■ WHAT YOU WILL DO: Review the material line by line. Identify and copy every line that contains the string "Minimalist".

■ DATA EXTRACT:
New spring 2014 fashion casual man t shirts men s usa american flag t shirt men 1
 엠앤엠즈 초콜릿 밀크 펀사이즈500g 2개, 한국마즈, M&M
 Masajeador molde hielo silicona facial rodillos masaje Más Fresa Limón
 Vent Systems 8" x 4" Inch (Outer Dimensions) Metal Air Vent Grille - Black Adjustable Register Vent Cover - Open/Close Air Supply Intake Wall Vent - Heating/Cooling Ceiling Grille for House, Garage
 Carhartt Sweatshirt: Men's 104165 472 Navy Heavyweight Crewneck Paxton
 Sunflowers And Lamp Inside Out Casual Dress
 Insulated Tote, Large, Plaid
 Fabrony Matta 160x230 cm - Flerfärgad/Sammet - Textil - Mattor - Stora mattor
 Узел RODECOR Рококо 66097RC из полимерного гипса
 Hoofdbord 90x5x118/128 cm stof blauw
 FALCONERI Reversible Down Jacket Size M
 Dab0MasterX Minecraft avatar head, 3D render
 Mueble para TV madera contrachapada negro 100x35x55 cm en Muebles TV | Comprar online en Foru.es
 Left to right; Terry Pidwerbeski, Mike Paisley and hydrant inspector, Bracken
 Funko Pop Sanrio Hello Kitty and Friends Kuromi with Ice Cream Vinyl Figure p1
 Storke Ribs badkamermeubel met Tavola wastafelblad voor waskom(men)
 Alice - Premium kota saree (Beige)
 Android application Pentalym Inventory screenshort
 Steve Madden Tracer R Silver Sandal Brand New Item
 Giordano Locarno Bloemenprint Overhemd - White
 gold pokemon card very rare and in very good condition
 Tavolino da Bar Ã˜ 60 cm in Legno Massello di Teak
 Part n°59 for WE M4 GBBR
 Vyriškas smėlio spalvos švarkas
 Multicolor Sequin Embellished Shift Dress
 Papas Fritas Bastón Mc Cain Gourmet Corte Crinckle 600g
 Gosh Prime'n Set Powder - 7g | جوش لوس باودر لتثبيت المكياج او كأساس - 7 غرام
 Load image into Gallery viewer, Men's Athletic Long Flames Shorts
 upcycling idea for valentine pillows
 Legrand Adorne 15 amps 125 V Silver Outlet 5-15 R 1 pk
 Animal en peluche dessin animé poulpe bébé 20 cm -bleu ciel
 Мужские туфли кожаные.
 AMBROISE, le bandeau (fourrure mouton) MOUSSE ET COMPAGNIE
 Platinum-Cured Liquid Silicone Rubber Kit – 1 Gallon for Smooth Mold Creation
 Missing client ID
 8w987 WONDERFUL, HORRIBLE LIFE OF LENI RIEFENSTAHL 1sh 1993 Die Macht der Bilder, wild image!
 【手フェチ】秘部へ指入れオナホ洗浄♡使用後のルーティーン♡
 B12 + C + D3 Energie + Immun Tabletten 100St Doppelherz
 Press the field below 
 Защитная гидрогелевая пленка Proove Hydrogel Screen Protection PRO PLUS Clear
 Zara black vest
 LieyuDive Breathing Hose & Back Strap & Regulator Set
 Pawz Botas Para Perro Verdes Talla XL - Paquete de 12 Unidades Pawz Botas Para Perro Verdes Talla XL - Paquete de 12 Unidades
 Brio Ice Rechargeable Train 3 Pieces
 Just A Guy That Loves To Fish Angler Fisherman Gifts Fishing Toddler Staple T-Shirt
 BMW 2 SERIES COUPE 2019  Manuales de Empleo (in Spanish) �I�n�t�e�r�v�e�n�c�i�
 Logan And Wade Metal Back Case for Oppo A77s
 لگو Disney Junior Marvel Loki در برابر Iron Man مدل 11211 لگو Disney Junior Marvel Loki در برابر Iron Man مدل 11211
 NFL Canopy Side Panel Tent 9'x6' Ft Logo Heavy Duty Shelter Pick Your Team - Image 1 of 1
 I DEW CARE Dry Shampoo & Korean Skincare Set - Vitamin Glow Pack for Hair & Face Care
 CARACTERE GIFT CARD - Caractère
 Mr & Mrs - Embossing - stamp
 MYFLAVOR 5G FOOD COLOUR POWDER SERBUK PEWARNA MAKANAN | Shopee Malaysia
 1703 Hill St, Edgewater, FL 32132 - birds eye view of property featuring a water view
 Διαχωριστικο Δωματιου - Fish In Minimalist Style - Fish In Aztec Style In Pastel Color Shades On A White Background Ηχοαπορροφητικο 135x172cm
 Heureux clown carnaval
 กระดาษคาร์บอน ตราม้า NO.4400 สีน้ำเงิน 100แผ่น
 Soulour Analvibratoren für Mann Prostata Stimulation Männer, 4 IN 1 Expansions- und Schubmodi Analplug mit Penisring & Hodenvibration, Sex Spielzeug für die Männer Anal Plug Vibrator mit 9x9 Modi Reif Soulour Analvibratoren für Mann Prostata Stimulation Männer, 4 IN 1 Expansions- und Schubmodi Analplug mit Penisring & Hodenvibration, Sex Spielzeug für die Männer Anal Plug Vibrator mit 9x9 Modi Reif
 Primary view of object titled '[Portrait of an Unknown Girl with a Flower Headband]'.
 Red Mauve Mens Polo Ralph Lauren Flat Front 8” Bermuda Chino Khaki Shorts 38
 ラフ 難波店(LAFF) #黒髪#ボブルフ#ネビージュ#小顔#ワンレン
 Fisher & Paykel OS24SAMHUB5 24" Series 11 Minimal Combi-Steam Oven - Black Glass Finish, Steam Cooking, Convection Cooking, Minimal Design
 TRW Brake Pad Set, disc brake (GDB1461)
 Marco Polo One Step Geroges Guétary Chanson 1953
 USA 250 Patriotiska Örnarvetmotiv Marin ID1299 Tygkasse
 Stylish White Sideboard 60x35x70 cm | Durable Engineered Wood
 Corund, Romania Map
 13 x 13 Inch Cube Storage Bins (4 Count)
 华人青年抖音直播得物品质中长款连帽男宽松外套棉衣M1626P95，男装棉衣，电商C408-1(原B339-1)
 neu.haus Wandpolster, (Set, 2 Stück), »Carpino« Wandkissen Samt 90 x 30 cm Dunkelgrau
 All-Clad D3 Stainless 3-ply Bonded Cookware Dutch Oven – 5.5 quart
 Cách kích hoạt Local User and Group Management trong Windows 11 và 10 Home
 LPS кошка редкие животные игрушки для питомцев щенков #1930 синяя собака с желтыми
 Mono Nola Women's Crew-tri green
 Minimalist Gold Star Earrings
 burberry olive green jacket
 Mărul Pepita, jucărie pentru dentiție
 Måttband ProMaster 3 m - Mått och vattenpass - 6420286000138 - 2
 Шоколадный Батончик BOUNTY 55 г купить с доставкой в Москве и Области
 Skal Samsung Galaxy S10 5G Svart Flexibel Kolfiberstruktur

■ RESPONSE:
 Διαχωριστικο Δωματιου - Fish In Minimalist Style - Fish In Aztec Style In Pastel Color Shades On A White Background Ηχοαπορροφητικο 135x172cm
 Minimalist Gold Star Earrings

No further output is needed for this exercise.